◆ **Short text fragments from websites**:
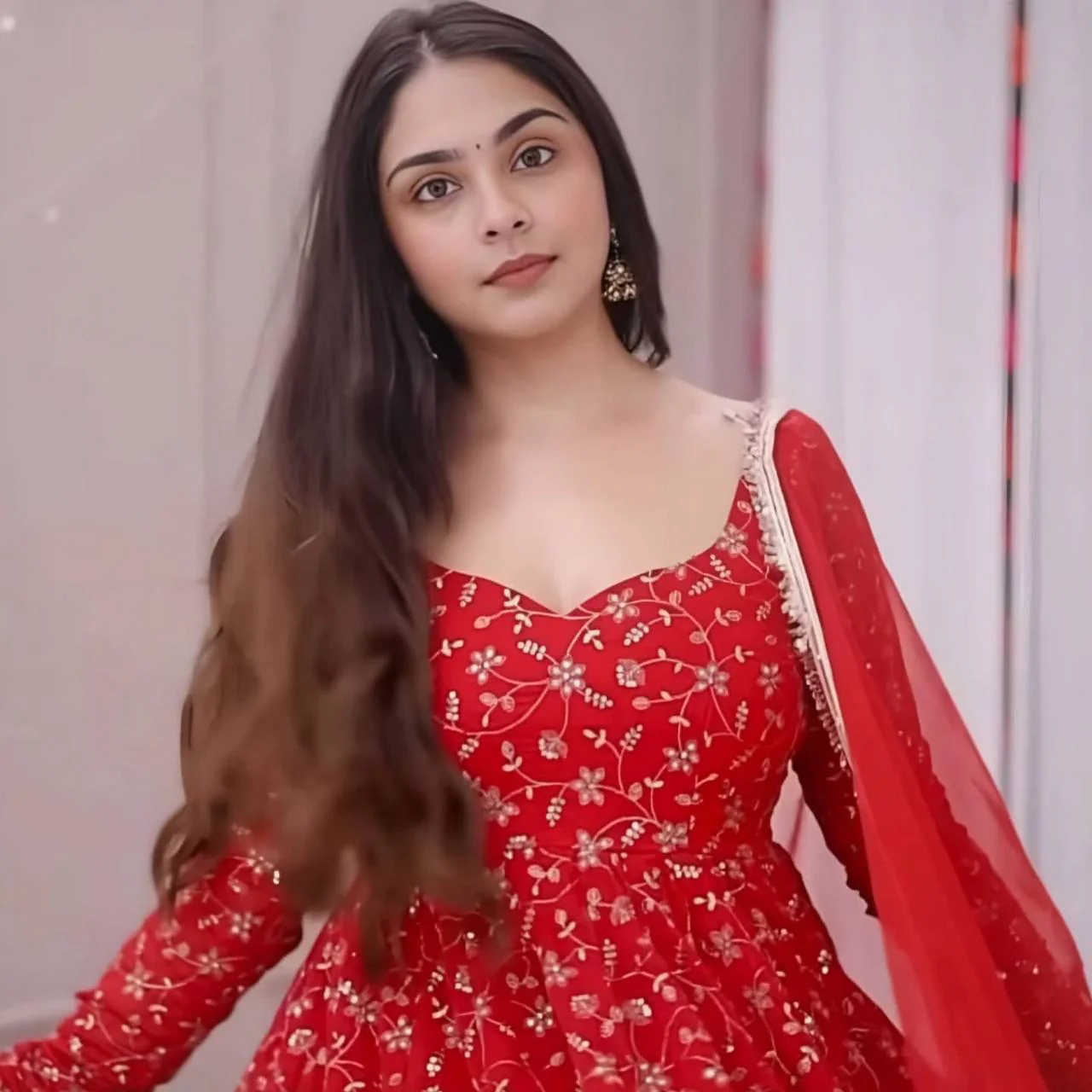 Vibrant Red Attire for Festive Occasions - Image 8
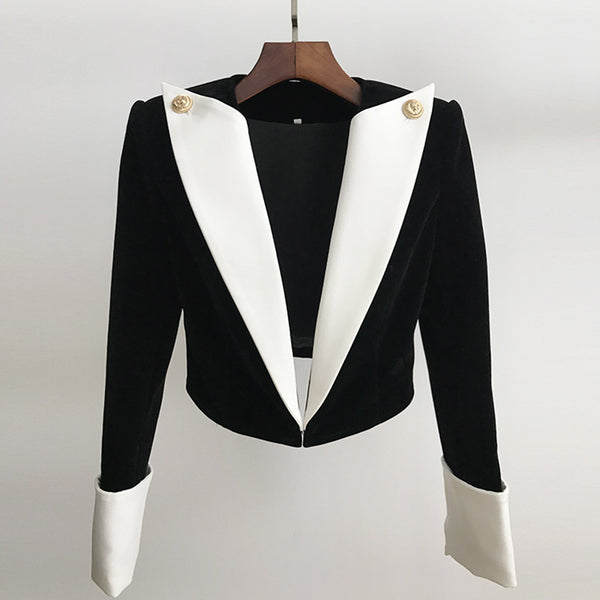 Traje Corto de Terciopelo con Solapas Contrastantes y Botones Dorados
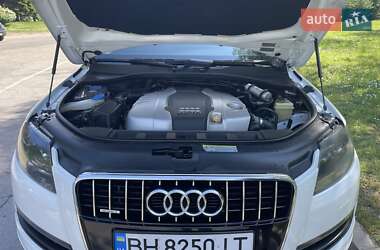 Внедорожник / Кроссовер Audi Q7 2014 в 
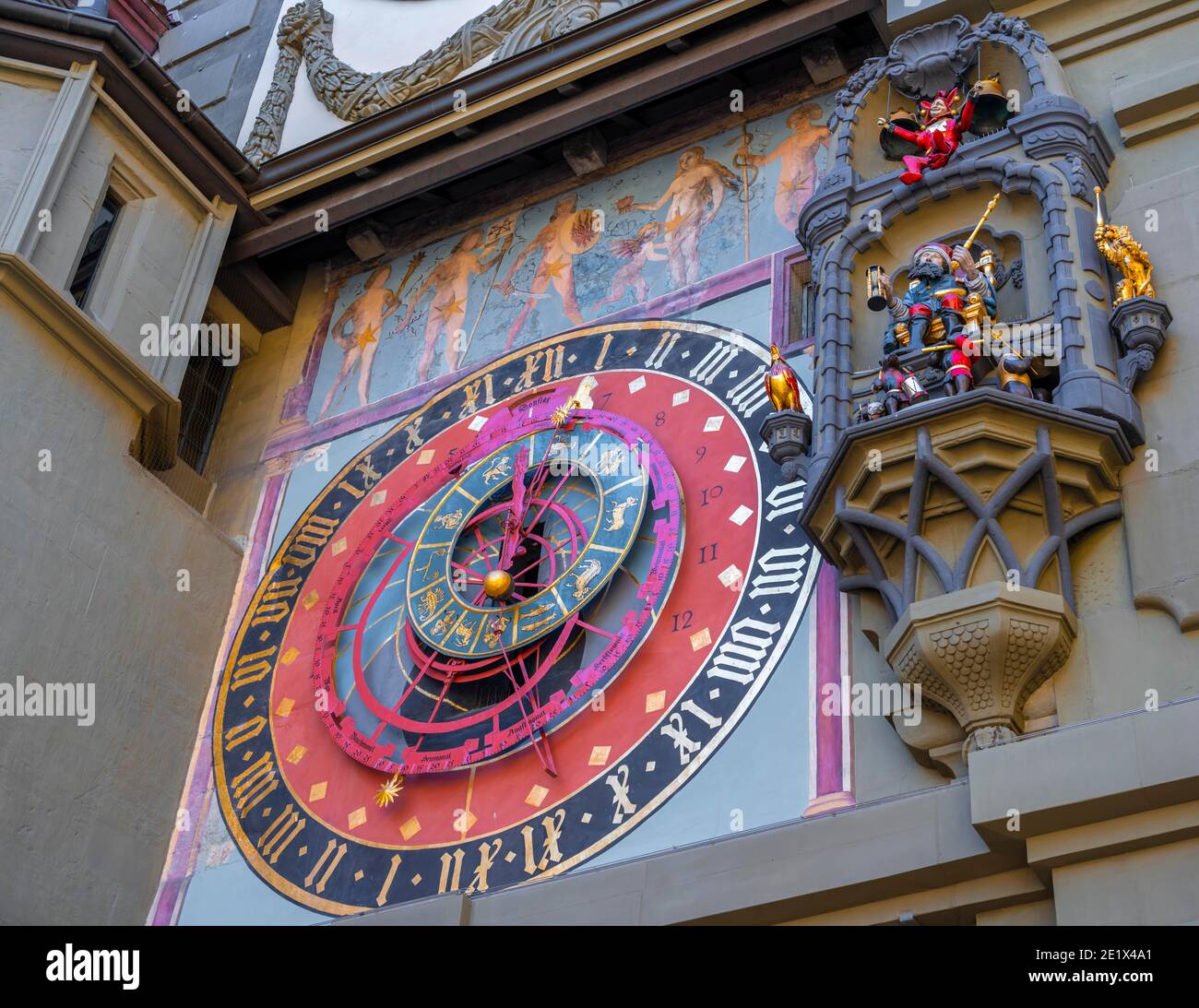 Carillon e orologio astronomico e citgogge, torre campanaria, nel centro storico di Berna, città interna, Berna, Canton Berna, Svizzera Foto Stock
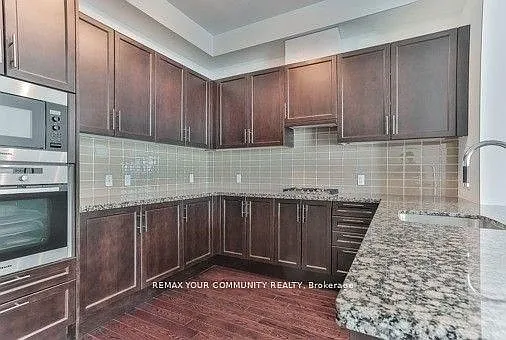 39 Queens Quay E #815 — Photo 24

◆ **Your assignment**: Leave out every picture, and write out exactly the lines from the one with "Traje Corto de" through the end of the records above, both ends included.

◆ **Response to the exercise**:
 Traje Corto de Terciopelo con Solapas Contrastantes y Botones Dorados
 Внедорожник / Кроссовер Audi Q7 2014 в 
 Carillon e orologio astronomico e citgogge, torre campanaria, nel centro storico di Berna, città interna, Berna, Canton Berna, Svizzera Foto Stock
 39 Queens Quay E #815 — Photo 24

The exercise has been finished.